• Task goal
Where a line of the records holds the string "woman", copy that line.

Data extracted from a collection:
━━━
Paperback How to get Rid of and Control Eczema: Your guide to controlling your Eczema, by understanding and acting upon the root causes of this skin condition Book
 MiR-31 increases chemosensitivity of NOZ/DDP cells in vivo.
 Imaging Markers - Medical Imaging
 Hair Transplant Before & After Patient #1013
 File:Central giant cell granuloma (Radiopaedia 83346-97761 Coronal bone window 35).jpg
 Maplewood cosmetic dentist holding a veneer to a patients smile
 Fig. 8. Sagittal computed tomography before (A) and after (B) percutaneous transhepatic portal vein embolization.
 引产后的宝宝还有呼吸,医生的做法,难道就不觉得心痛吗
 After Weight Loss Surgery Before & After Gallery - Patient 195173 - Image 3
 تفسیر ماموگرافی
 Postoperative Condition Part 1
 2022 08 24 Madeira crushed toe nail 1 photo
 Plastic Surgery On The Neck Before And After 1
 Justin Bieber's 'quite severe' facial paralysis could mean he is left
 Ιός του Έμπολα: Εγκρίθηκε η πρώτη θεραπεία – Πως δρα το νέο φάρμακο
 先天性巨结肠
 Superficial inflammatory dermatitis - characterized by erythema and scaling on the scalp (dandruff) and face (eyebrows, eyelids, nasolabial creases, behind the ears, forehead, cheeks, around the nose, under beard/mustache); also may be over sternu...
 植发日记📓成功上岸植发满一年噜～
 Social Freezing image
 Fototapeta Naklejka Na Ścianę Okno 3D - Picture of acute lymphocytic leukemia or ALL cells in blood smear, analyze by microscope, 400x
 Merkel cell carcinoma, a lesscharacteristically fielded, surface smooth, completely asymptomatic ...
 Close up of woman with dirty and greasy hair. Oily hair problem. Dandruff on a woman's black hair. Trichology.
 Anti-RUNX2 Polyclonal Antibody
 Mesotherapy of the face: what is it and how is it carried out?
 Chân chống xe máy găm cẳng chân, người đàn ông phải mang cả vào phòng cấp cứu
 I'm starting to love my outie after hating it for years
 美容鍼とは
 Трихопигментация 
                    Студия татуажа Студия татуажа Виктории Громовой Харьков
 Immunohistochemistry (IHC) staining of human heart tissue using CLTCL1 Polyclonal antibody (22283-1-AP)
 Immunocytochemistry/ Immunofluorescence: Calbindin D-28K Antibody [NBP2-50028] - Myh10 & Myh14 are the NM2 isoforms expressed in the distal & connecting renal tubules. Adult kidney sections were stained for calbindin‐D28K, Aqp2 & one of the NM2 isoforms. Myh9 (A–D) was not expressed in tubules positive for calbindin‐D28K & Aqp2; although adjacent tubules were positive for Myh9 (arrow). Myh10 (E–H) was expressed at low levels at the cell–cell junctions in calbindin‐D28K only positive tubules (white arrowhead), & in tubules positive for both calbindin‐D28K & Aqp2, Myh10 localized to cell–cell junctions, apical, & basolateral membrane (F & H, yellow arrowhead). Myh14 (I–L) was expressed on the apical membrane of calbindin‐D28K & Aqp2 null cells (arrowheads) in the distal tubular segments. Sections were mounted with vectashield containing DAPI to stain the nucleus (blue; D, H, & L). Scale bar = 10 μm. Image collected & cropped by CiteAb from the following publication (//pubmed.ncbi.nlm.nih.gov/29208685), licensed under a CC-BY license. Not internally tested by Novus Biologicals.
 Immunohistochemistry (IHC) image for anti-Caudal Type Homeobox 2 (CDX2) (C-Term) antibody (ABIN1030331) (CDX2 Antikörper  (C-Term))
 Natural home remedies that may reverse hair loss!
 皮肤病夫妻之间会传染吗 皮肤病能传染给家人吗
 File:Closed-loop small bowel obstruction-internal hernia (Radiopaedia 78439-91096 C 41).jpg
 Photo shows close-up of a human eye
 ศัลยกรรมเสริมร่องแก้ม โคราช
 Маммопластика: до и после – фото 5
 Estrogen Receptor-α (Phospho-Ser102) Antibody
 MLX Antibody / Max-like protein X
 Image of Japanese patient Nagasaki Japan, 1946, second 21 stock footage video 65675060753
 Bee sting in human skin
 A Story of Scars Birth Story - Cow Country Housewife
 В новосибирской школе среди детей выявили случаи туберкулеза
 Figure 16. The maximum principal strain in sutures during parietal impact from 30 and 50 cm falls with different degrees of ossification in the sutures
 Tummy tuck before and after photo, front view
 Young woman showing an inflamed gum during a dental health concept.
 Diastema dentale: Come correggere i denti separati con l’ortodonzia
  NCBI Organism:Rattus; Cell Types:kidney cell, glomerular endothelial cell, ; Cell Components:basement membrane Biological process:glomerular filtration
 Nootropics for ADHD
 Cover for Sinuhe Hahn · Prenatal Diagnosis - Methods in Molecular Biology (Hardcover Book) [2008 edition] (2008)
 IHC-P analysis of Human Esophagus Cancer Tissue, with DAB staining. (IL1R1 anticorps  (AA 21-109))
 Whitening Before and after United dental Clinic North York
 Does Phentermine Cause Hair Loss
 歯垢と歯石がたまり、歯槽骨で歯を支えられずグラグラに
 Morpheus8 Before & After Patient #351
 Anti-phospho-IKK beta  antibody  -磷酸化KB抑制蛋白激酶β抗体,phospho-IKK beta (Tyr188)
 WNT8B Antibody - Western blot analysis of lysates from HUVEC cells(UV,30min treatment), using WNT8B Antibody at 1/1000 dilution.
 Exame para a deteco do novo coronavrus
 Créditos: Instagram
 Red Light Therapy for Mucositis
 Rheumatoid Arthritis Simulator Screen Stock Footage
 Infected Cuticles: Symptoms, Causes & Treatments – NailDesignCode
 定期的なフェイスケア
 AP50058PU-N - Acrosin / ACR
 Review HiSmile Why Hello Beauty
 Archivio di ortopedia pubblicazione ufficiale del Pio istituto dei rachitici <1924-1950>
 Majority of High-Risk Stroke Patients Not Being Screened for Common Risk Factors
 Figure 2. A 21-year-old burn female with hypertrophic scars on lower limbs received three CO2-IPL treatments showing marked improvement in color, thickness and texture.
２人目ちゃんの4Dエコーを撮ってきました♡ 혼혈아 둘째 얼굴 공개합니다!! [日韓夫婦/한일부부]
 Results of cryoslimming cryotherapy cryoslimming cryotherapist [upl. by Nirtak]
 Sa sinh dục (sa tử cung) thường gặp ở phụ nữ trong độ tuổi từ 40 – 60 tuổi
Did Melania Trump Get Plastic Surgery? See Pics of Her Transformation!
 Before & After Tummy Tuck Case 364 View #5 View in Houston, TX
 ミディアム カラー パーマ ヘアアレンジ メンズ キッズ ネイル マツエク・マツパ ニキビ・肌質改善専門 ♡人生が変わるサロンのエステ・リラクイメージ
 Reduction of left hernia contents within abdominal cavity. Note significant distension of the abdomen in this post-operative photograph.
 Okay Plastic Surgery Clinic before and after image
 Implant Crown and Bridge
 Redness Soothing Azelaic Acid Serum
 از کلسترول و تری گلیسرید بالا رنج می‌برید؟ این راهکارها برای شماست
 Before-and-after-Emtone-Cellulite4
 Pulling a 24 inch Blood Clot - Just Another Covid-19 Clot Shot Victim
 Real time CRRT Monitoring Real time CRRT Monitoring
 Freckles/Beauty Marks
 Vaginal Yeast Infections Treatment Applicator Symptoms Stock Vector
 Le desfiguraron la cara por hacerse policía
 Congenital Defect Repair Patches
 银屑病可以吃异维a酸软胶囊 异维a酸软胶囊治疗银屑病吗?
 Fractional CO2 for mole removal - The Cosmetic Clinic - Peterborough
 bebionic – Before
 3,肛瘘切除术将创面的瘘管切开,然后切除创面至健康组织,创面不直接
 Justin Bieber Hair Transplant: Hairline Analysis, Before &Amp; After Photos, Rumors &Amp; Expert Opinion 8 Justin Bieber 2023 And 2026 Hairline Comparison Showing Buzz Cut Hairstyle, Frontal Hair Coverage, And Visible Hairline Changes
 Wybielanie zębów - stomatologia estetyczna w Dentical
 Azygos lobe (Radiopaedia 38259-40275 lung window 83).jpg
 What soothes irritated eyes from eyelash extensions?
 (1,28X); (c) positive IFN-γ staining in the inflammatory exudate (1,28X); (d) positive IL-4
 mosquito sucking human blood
━━━
• Worked solution
 Close up of woman with dirty and greasy hair. Oily hair problem. Dandruff on a woman's black hair. Trichology.
 Young woman showing an inflamed gum during a dental health concept.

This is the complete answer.